Would you write out each line of the material below exactly, skipping every picture?

(GIVEN INFORMATION):
▬▬▬▬▬▬

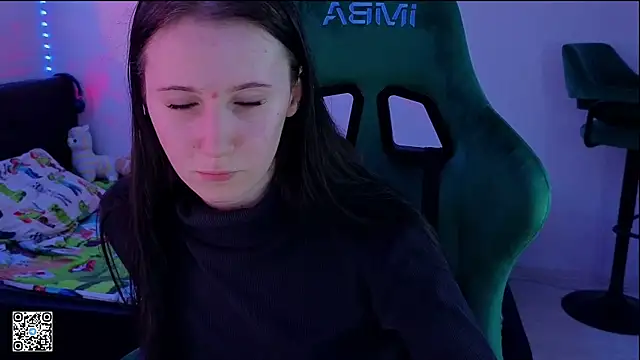 Snapshot of mon_lola chatting on March 2025 02:45:02 PM mon lola online show from March 2025 02:45:02 PM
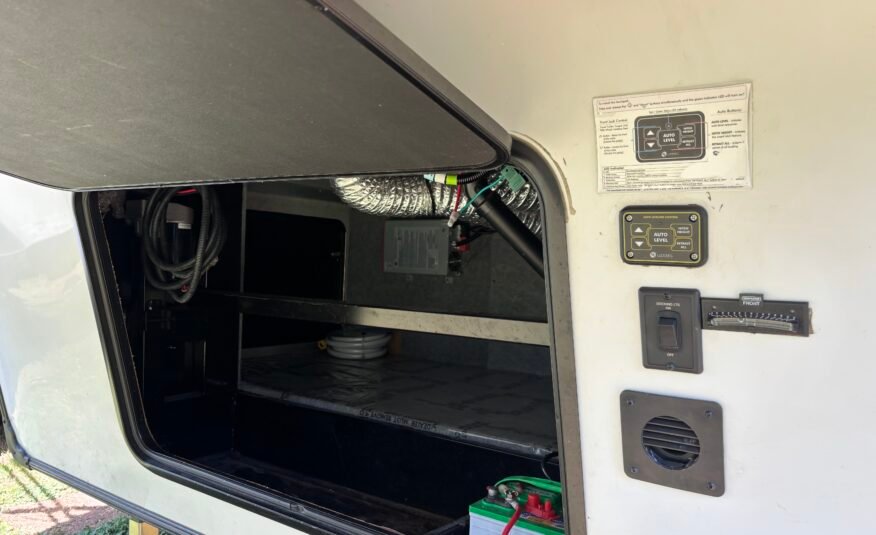 2018 ForestRiver Cherokee Arctic Wolf 2950SL8 Auto Leveling 5th Wheeler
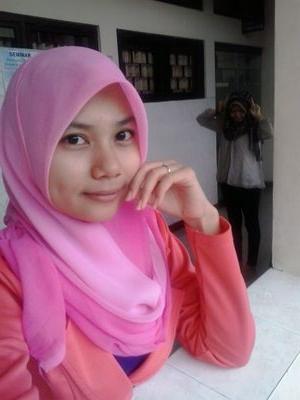 anyasad13's profile picture. 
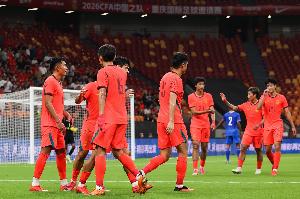 国足先发变化：5处变动！布尼亚明、谢文能、刘殿座、李扬先发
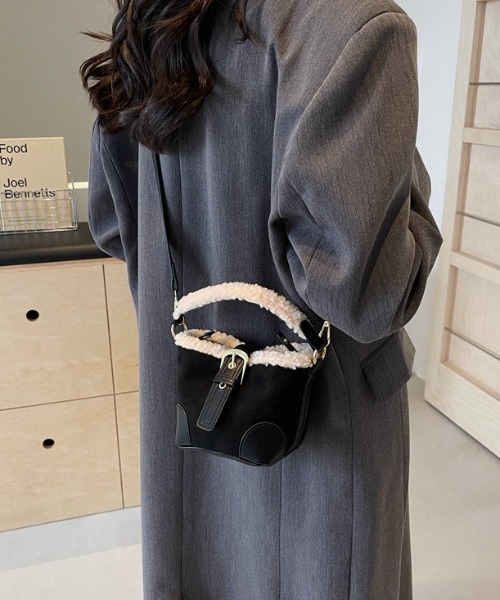 mebole（メボレ）の「コンパクトボアムートンバッグ（ショルダーバッグ・レディース・ベージュ/ブラウン/キャメル/ブラック・FREE）」の10枚目の写真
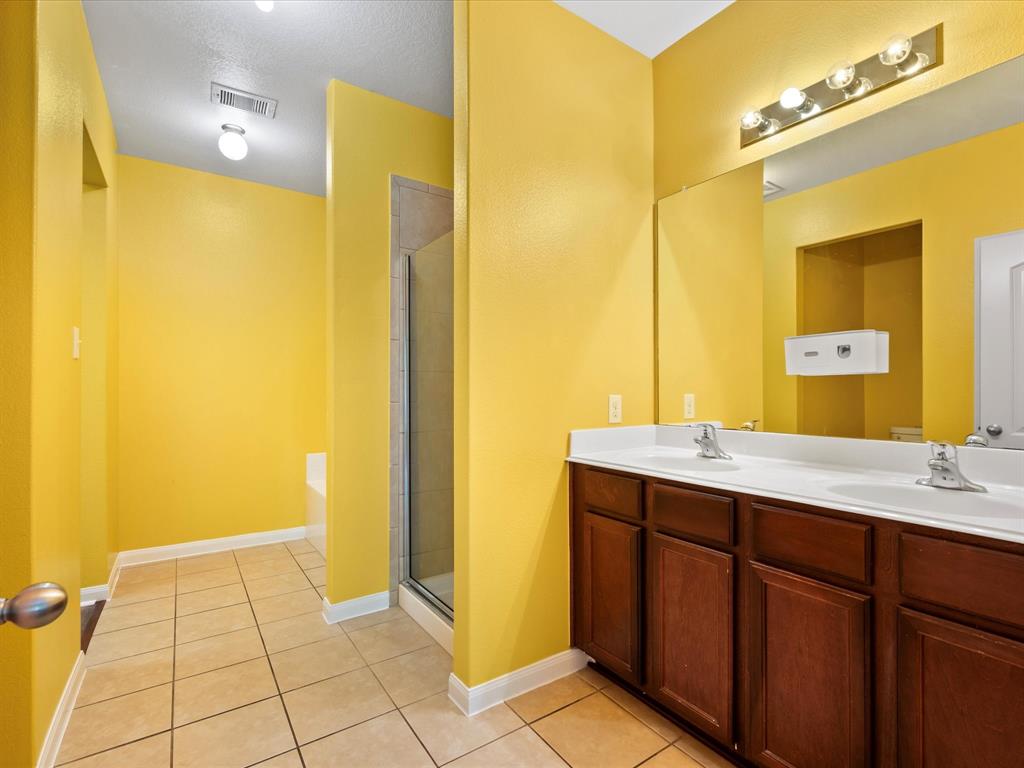 8843 Leclaire Meadow Drive, Humble, Texas image 8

▬▬▬▬▬▬

(TASK RESPONSE):
 Snapshot of mon_lola chatting on March 2025 02:45:02 PM mon lola online show from March 2025 02:45:02 PM
 2018 ForestRiver Cherokee Arctic Wolf 2950SL8 Auto Leveling 5th Wheeler
 anyasad13's profile picture. 
 国足先发变化：5处变动！布尼亚明、谢文能、刘殿座、李扬先发
 mebole（メボレ）の「コンパクトボアムートンバッグ（ショルダーバッグ・レディース・ベージュ/ブラウン/キャメル/ブラック・FREE）」の10枚目の写真
 8843 Leclaire Meadow Drive, Humble, Texas image 8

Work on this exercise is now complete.